Temer esteve ali em 1997, quando presidia a Câmara dos Deputados, e em 2011, já como vice-presidente. A rua principal leva seu nome.

Em ambas as ocasiões, reuniu-se com os primos. Nabi se recorda de que Temer sabia dizer "obrigado" e "azeitona" em língua árabe.

Ao entrar na casa de Nizar e deparar-se com um retrato em branco e preto, teria exclamado: "meu pai!" A foto de Nakhoul, que mudou seu nome para Miguel no Brasil, está em uma das paredes.

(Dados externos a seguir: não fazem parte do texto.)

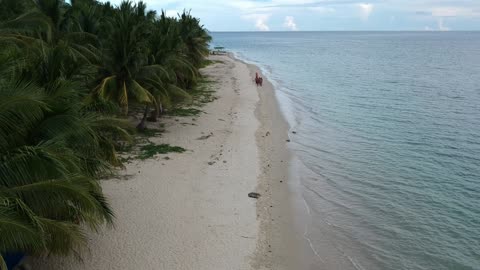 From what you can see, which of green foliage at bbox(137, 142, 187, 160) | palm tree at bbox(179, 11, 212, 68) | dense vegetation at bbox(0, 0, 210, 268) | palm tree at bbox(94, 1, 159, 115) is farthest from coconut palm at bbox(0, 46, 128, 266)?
palm tree at bbox(179, 11, 212, 68)

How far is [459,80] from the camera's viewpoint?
50.0 m

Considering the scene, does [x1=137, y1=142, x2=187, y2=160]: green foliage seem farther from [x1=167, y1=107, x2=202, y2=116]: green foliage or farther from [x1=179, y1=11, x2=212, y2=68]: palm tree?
[x1=179, y1=11, x2=212, y2=68]: palm tree

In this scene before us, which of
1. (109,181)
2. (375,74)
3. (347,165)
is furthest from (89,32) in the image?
(375,74)

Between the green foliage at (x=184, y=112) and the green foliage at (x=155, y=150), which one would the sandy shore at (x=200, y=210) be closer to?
the green foliage at (x=155, y=150)

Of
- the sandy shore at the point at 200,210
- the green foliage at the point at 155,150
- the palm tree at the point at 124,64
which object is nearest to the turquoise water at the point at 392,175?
the sandy shore at the point at 200,210

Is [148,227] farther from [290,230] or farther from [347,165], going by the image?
[347,165]

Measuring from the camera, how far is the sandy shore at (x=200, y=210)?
1044cm

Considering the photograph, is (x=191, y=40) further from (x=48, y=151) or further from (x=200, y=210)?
(x=48, y=151)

Como lembrancinha do vilarejo, Temer recebeu uma caixa com figos, azeite e áraque, uma típica bebida alcoólica com sabor de anis.

TELEFONEMAS

Nizar visitou o político no Brasil, também. Eles trocaram contatos, e Nizar conta ter recebido um cartão com um número para discar quando quisesse conversar. Ele se refere a Temer como "primo".

Nas vezes em tentou ligar, no entanto, quem atendeu não falava árabe e desligou.

Nizar agora espera que, uma vez declarado presidente, Temer volte à vila para inaugurar a praça recém-erguida em sua homenagem. "Ele disse que, se um dia fosse presidente, retornaria."

O prefeito Barbar, ligado à família da mãe de Temer, enviou um convite há duas semanas à equipe do brasileiro. Ainda não teve resposta.

Quem conheceu Temer, durante suas visitas à vila, guarda lembranças de um homem cordial e atencioso.

O eletricista Elias Suaid, 70, também tem para si uma boa opinião do político brasileiro. Suaid cresceu em Tietê, onde conviveu com Temer, até migrar ao Líbano de seu pai em 1962. "Todos na família dele eram inteligentes, bons estudantes", diz.

"Quem diria que um filho de Btaaboura seria presidente do Brasil?", pergunta-se.